Wuthathi has implemented its Indigenous Protected Area Plan, which outlines its key cultural and environmental values and its strategies for managing these. Significantly for this Pilot, Wuthathi have elected that this Plan will also guide their local monitoring, evaluation and reporting (MER) program to be implemented through this Project.

The IPA Plan also establishes 81 indicators for measuring and tracking the health of key values – whereby each key value has between 5-10 indicators that may measure its health over time. This connection between indicators and key values is the backbone of any effective MER framework and program.

However, 81 indicators is far too many to effectively monitor and evaluate in the scope of this Pilot. This led us to prioritise those indicators that could and should be monitored and evaluated by this project.

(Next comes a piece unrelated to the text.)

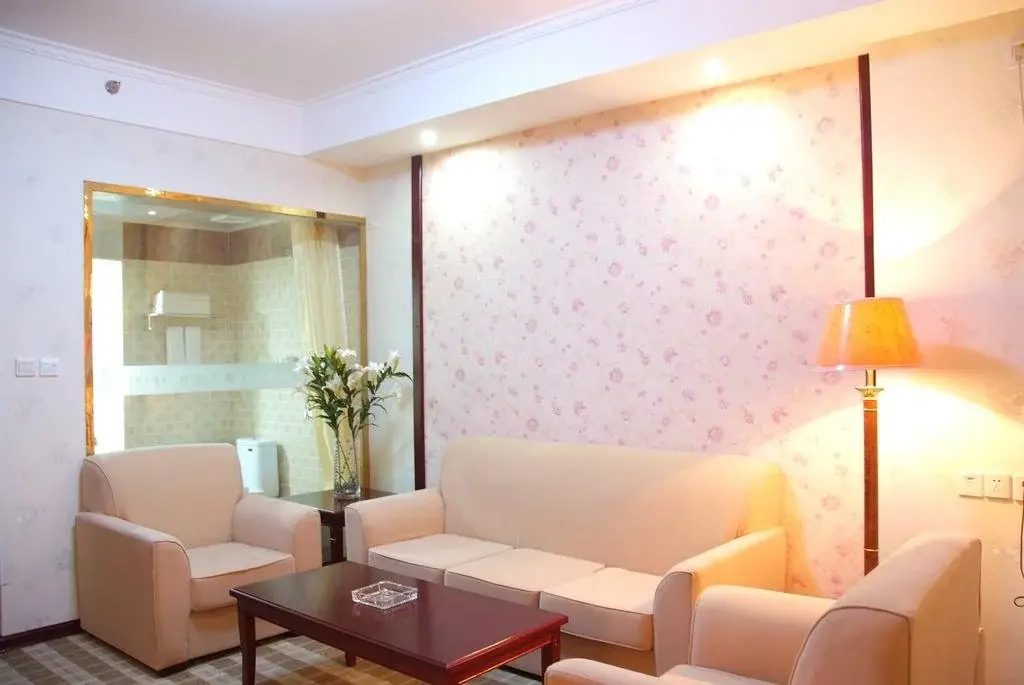 Zhongwei Wanrui Hotel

The key considerations taken into account in this process included:

  • What indicators are most appropriate for evaluating the health of a value, i.e. what indicators provide the clearest indication of a key value's condition?
  • What indicators are high priority for TOs, the community, or the organisation to evaluate?
  • What indicators are already being monitored by existing activities?
  • What indicators might be evaluated using existing data sources?
  • What indicators have attainable data requirements, i.e. which would be within the resource and capacity constraints of the rangers/CRAs to collect (considering that capacity will be built through this project)?
  • Which indicators could be evaluated within the timeframe of this project? That is, we did not select indicators that needed three or more years of data before an accurate evaluation could be made.

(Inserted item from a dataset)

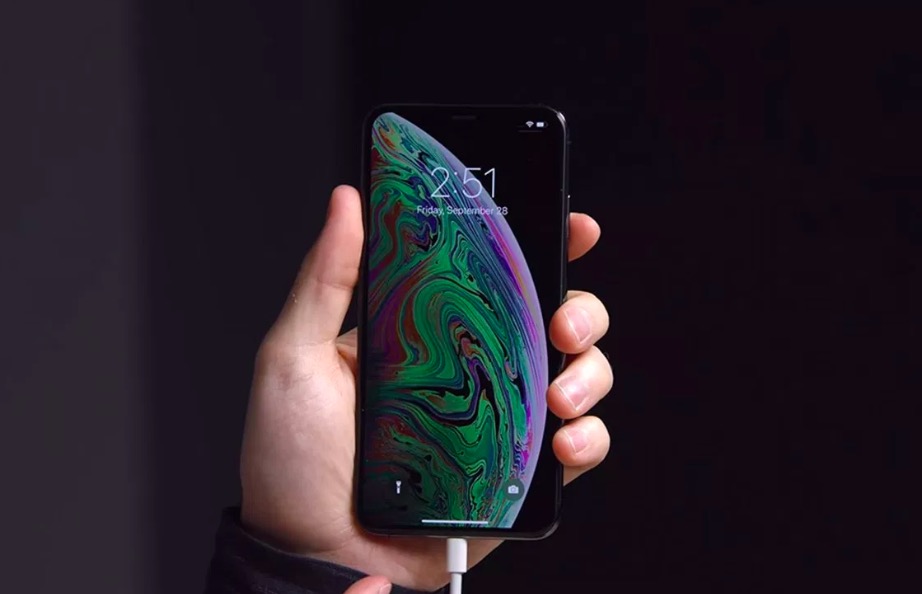 無(wú)法充電？iPhone XS再度出現(xiàn)BUG-鋒巢網(wǎng)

From this process, a short-list of 21 indicators were ‘activated’. Of these 21 indicators, each key value is being monitored by at least 2 indicators.

No indicators were ‘culled’ or removed as part of this activity. Instead, they were marked as in development, or long-term (i.e. the latter part of this project may look towards developing a way for Wuthathi to monitor and evaluate them in the future).

Learning note:

This exercise emphasises that having indicators developed at the same time as the IPA plan (or any healthy country/culture-based plan) is vital. Setting indicators establishes how the health or condition of the values and targets are going to be measured tracked through time. This brings the plan to life and , rather than something that is static

This does not need to be a formal or technical process that is termed ‘indicator development’. Instead, the Wuthathi IPA Plan provides a good example for how this can be done, by asking “How will we know if a key value is healthy?”. Such a question is effectively asking "How will we measure/monitor the health of these key values?", which is behind the formation of meaningful indicators.

Next Step:

The next step with Wuthathi will be to align each of the 81 indicators with the attributes in the Strong People-Strong Country framework. This exercise will provide a preliminary indication of the strength of alignment between the SP-SC framework and one TO group’s local monitoring priorities.